# GIVEN DATA:
++++++

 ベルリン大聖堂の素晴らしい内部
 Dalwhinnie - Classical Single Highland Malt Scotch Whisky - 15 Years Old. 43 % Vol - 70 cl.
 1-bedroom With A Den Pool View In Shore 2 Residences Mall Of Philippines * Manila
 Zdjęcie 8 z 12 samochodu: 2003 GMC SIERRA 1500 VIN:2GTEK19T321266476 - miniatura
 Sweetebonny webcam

++++++

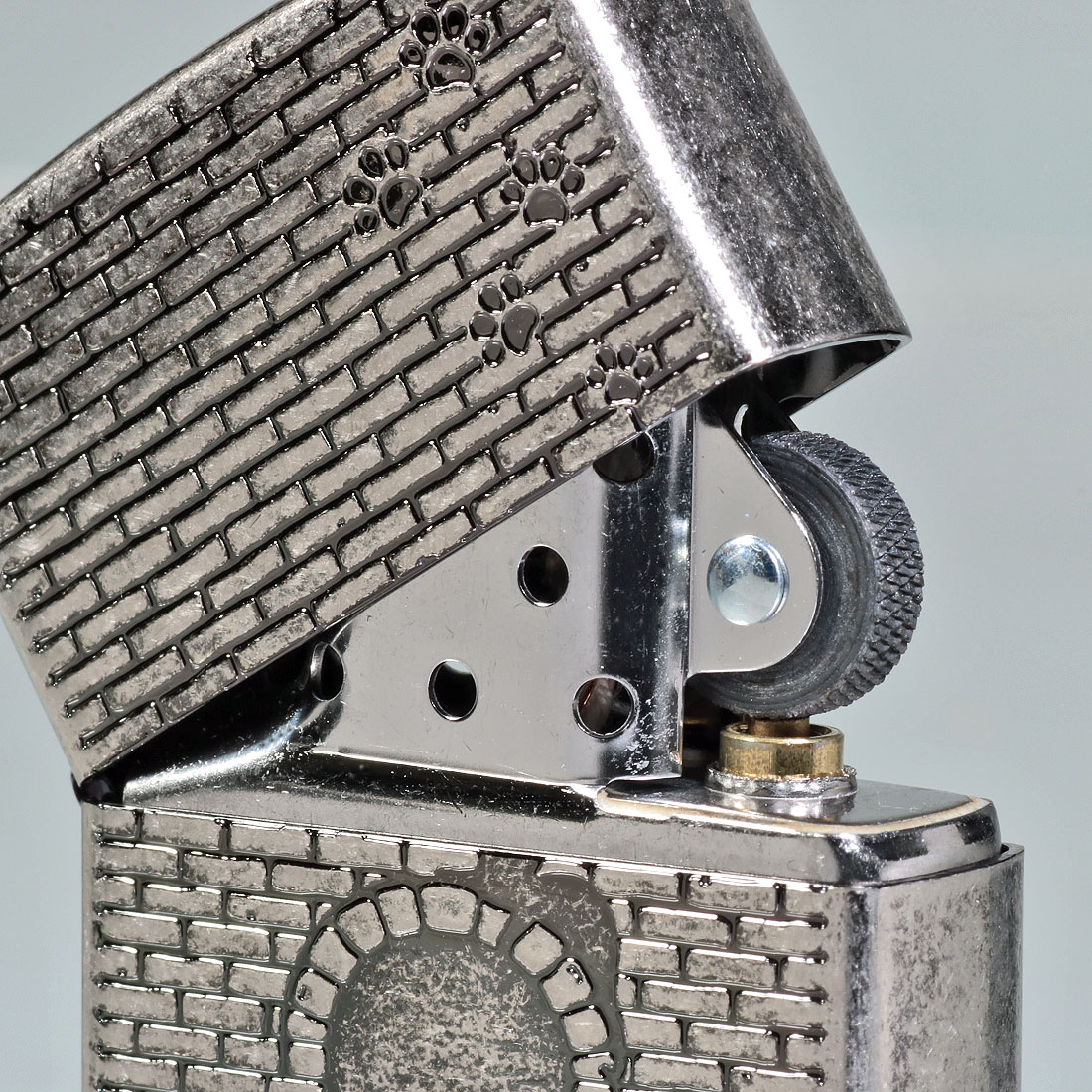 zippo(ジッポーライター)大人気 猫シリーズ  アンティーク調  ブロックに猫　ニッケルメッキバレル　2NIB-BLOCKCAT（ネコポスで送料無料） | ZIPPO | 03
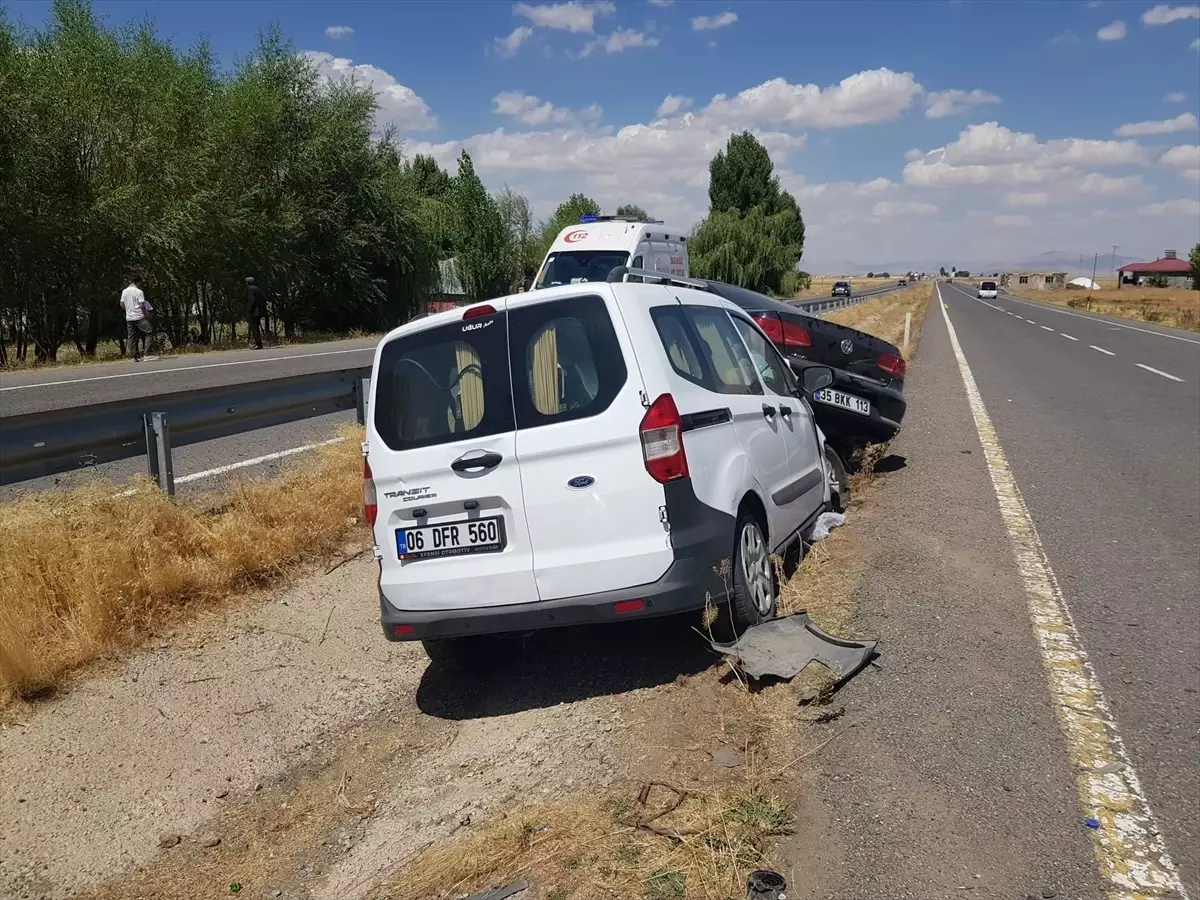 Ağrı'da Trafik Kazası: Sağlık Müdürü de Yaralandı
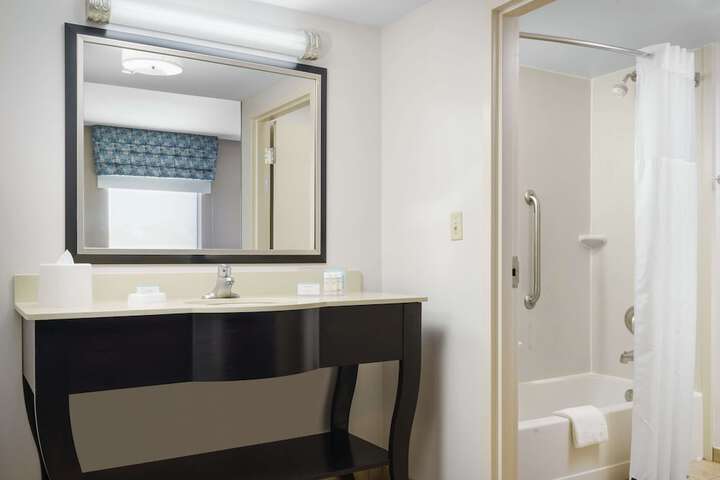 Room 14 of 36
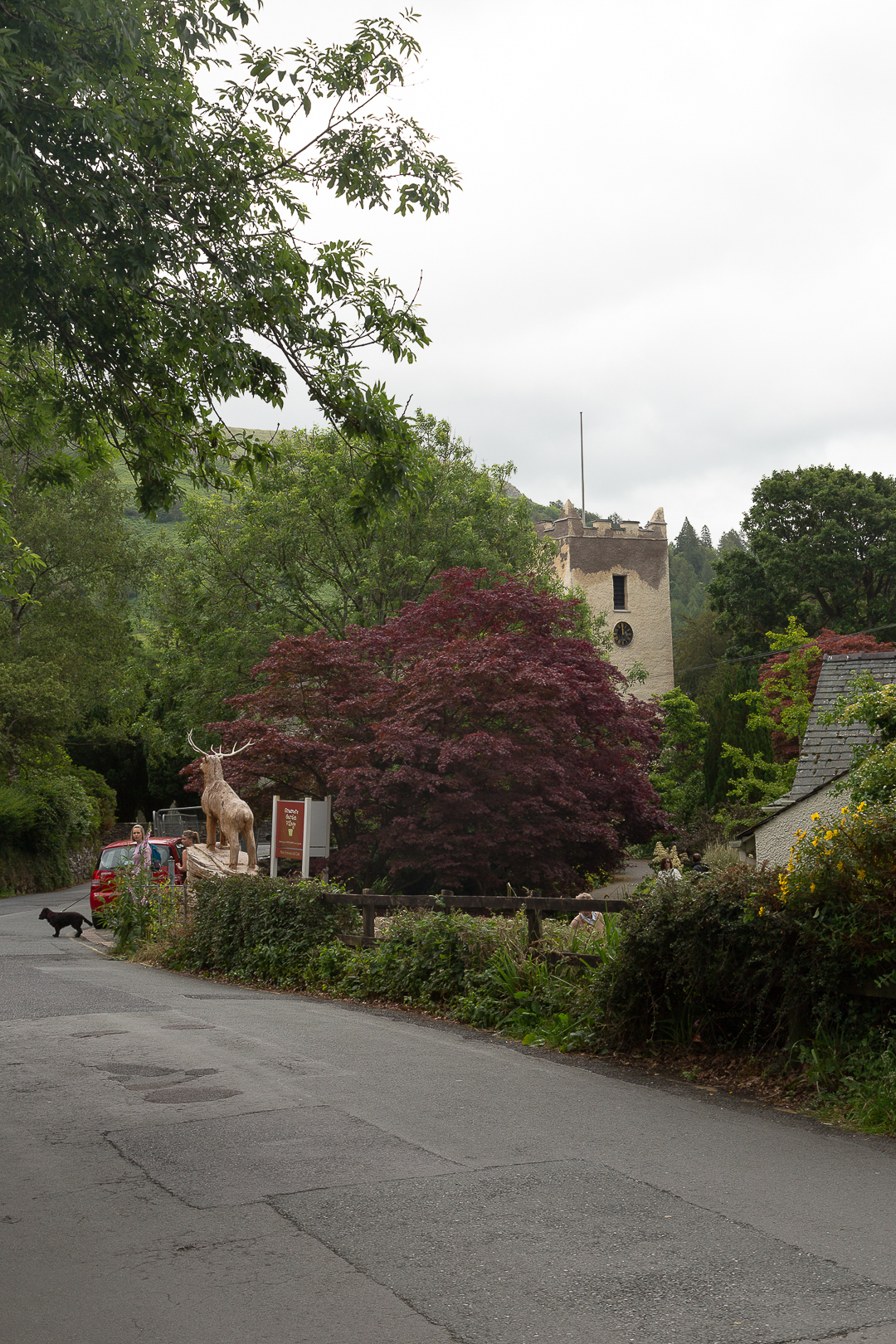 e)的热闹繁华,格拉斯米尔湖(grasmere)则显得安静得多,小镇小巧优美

++++++

# TASK STATEMENT:
Produce only the lines from the line containing "ベルリン大聖堂の素晴らしい内部" through the line containing "Sweetebonny webcam", inclusive of both, exactly as they stand in the entries above.

# SOLVED PROBLEM:
 ベルリン大聖堂の素晴らしい内部
 Dalwhinnie - Classical Single Highland Malt Scotch Whisky - 15 Years Old. 43 % Vol - 70 cl.
 1-bedroom With A Den Pool View In Shore 2 Residences Mall Of Philippines * Manila
 Zdjęcie 8 z 12 samochodu: 2003 GMC SIERRA 1500 VIN:2GTEK19T321266476 - miniatura
 Sweetebonny webcam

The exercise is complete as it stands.